This has resulted in her becoming the most self-centered, demanding, disrespectful person my parents and I have ever seen, and they now want her to live with me.
I predicted (to myself only) that she’d turn out this way due to their “parenting.” My parents created an entitled teenager and now they expect me to suffer the consequences of what they did. They guilt-trip me with their health problems as a reason they want her to leave.
I do not want her to come here. I don’t want to have to deal with her attitude and try to prevent her from running away.
I also don’t want to lose my daughter forever because they kicked her out, but she doesn’t like my rules. What advice do you have?
— MOM OF A MONSTER
DEAR MOM: Your parents took your daughter in because of your health issues. You enabled their poor parenting to continue by allowing your daughter to live with them and not speaking up.
Ultimately, Leia is your responsibility until she is 18, and possibly longer.

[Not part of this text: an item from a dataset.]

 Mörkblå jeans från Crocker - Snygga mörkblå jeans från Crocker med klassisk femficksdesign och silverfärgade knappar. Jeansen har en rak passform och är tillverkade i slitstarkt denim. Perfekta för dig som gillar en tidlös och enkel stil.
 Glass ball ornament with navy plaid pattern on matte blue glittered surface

Your parents must now explain to Leia that because of their poor health, she will be staying with you. As a minor, this decision is not hers to make. (It shouldn’t have been in the first place.)
When she and her belongings arrive, explain what your house rules will be and the reasons for them. If she threatens to run away, point out that if that happens, she may become a ward of the state, and foster care could be less pleasant than staying with the mother who loves her but doesn’t like who Leia has become while living with the grands.
DEAR ABBY: Two couples I know are getting married soon. Both couples plan on having small, intimate weddings in the near future and larger, grander weddings later on. Each has their own reasons for doing so.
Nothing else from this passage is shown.